§ YOUR OBJECTIVE:
Set down the full listing below word for word; pictures stay out of the copy.

§ COLLECTED MATERIAL:
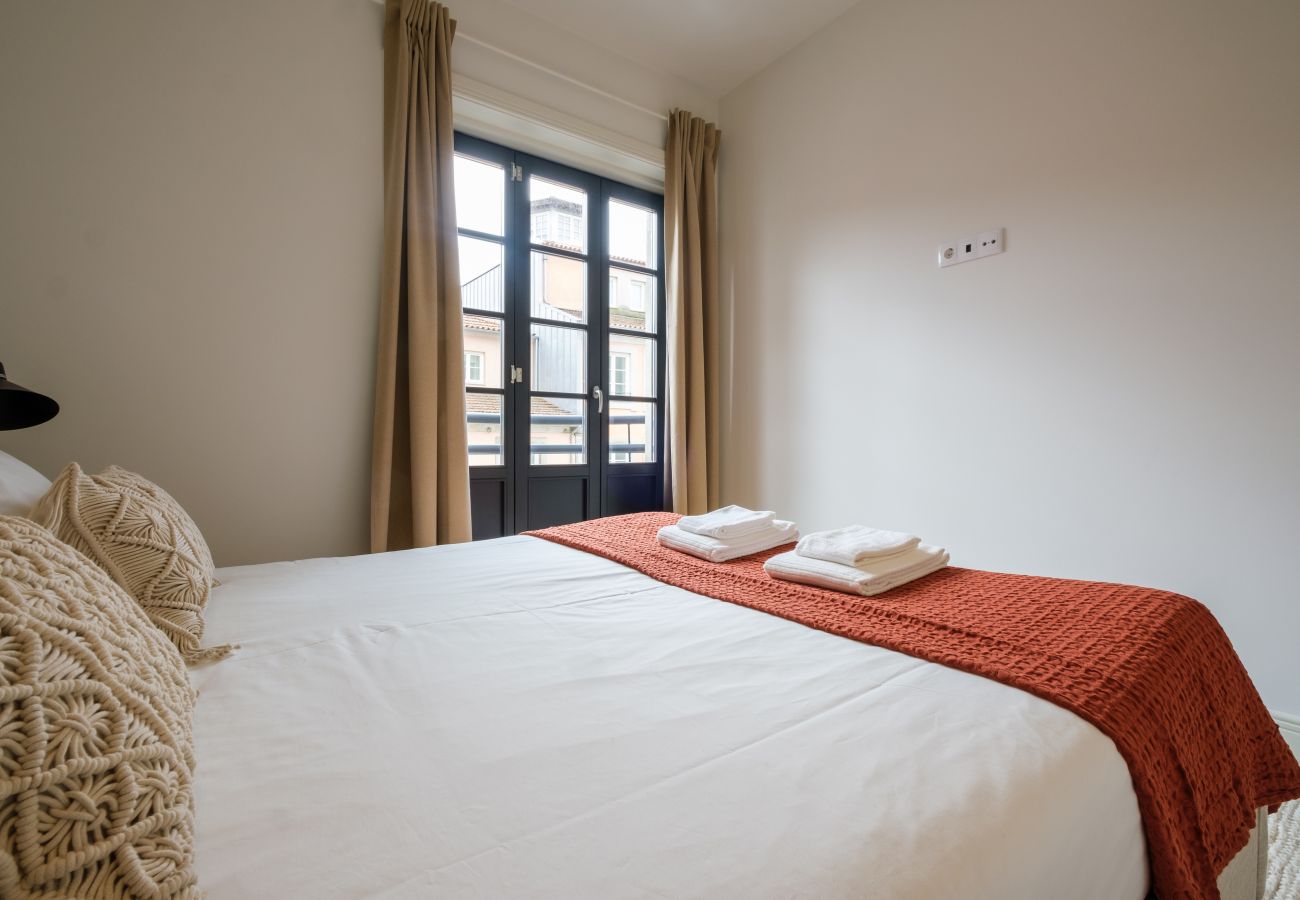 Apartment in Porto - Art Deco 23 Luxury 2BR Apartment Downtown Metro AC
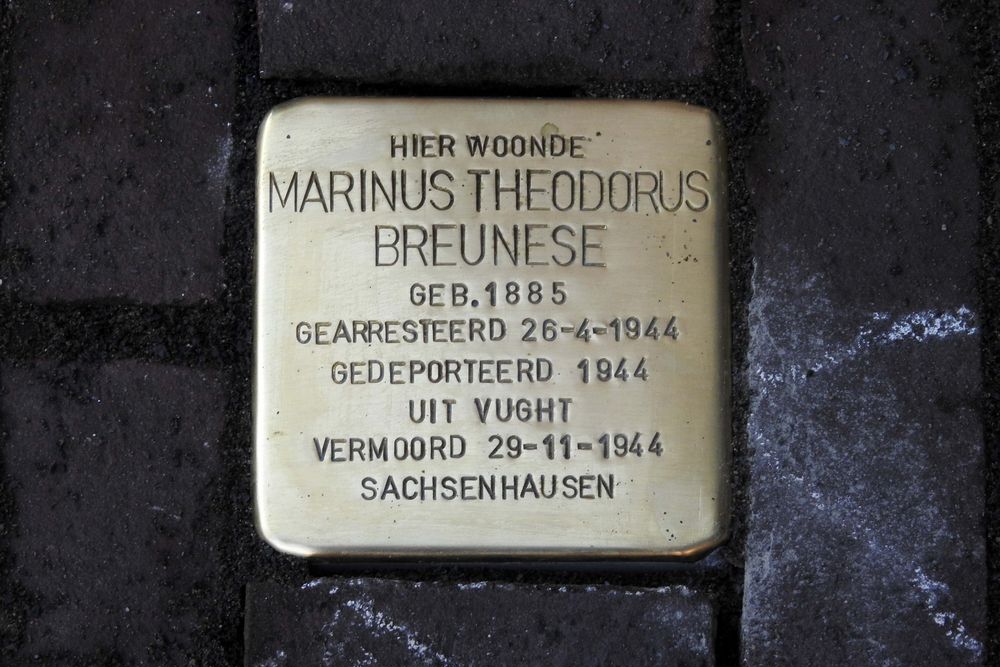 Stolperstein Dorp 3 (nu Brink 4) #1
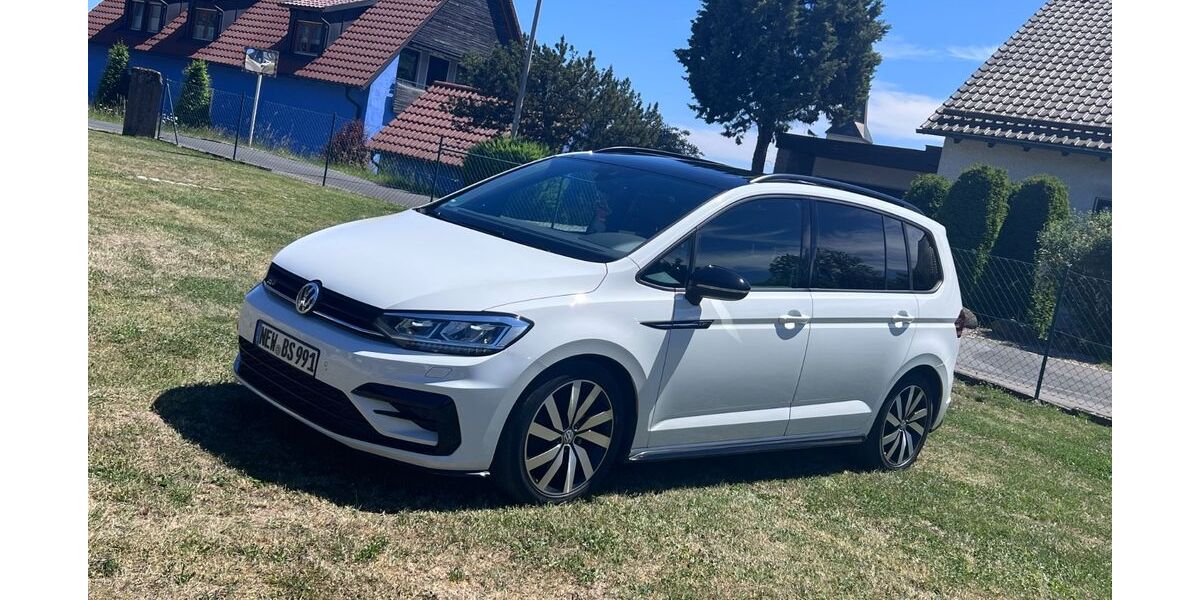VW Touran 139.933 km 22.000 &euro; Windischeschenbach 92670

§ SOLUTION:
 Apartment in Porto - Art Deco 23 Luxury 2BR Apartment Downtown Metro AC
 Stolperstein Dorp 3 (nu Brink 4) #1
VW Touran 139.933 km 22.000 &euro; Windischeschenbach 92670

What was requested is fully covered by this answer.